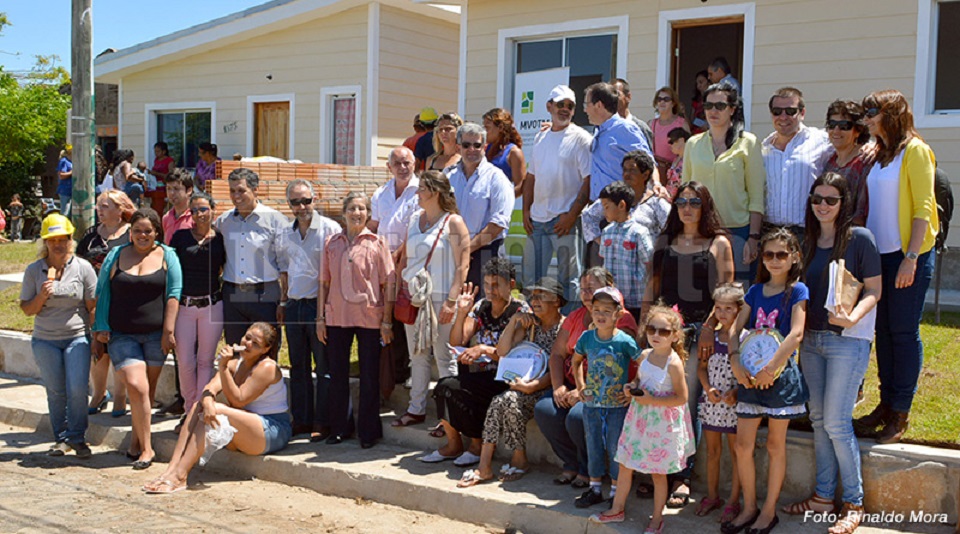 “Llegar a las mil soluciones habitacionales es un objetivo del Gobierno Departamental”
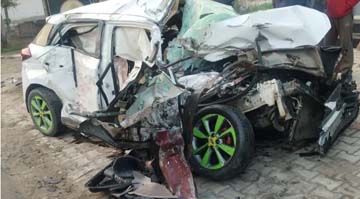  होशियारपुर में बस और कार की भीषण टक्कर, हादसे में चार लोगों की मौत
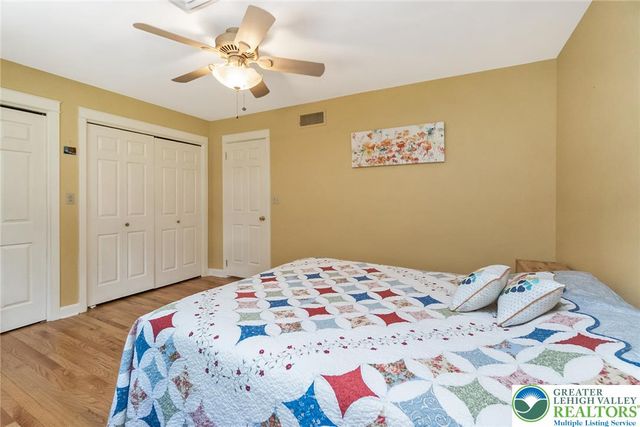 1553 Surrey Road, Bethlehem City, PA 18015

### Your goal
Across the whole listing above, repeat each line exactly and leave out the images.

### Response to this exercise
 “Llegar a las mil soluciones habitacionales es un objetivo del Gobierno Departamental”
  होशियारपुर में बस और कार की भीषण टक्कर, हादसे में चार लोगों की मौत
 1553 Surrey Road, Bethlehem City, PA 18015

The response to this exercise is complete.